FIG. 1 is a schematic diagram that shows a drilling system 100 with a formation testing tool 101 disposed on a drillstring 102 . As illustrated, a wellbore 104 may extend through a subterranean formation 106 . In examples, reservoir fluid may be contaminated with well fluid (e.g., drilling fluid) from the wellbore 104 . As described herein, a fluid sample may be analyzed to determine fluid contamination and other fluid properties of the reservoir fluid. As shown the wellbore 104 extends generally vertically into the subterranean formation 106 for a portion of the wellbore and also extends at an angle to vertical through the subterranean formation 106 , such as horizontal or slanted section. Thus, both vertical or low inclination angle wells and high inclination angles or horizontal placement of the well and equipment are possible. It should further be noted that while FIG. 1 generally depicts a land-based operation, those skilled in the art will readily recognize that the principles described herein are equally applicable to subsea operations that employ floating or sea-based platforms and rigs, without departing from the scope of the disclosure.
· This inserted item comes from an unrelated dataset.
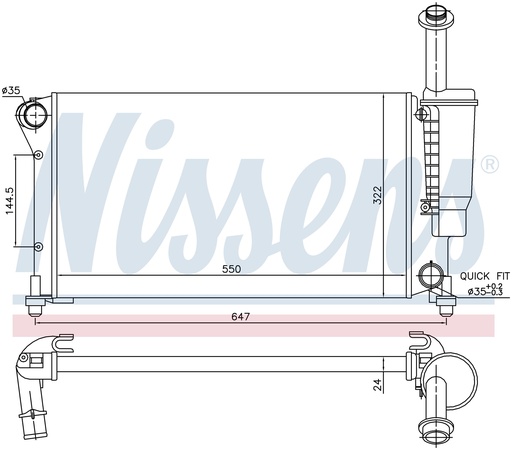 [05467] RAD. FIAT PANDA (06) 1.1i 8v / 1.2i 8v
As illustrated, a drilling platform 108 may support a derrick 110 having a traveling block 112 for raising and lowering the drillstring 102 . The drillstring 102 may include, but is not limited to, drill pipe and coiled tubing, as generally known to those skilled in the art. A kelly 114 may support the drillstring 102 as the drillstring 102 may be lowered through a rotary table 116 . A drill bit 118 may be attached to the distal end of drillstring 102 and may be driven either by a downhole motor and/or via rotation of drillstring 102 from the surface 120 . Without limitation, the drill bit 118 may include, a roller cone bit, a PDC bit, a natural diamond bit, a hole opener, a reamer, a coring bit, and the like. As the drill bit 118 rotates, the drill bit 118 creates and extends the wellbore 104 that penetrates various subterranean formations 106 . A mud pump 124 circulates drilling fluid through a feed pipe 126 to the kelly 114 , downhole through interior of the drillstring 102 , the through orifices in drill bit 118 , back to the surface 120 via annulus 128 surrounding the drillstring 102 , and into a retention pit 130 .

The drill bit 118 may be just one piece of a downhole assembly (“BHA”) that may include one or more drill collars 132 and the formation testing tool 101 . The formation testing tool 101 , which may be built into the drill collars 132 may gather measurements and fluid samples as described herein. One or more of the drill collars 132 may form a tool body 134 . The tool body 134 may be any suitable material, including without limitation titanium, stainless steel, alloys, plastic, combinations thereof, and the like.

The formation testing tool 101 may further include one or more sensors 136 for measuring properties of the fluid sample of the reservoir fluid, the wellbore 104 , the subterranean formation 106 , or the like. The properties of the fluid are measured as the fluid passes from the formation 106 through the testing tool 101 and into either the wellbore or a sample container. The formation testing tool 101 may obtain and separately store different fluid samples from the subterranean formation 106 in a fluid analysis module 138 . In examples, the fluid analysis module 138 may be operable to process information regarding a fluid sample, as described below.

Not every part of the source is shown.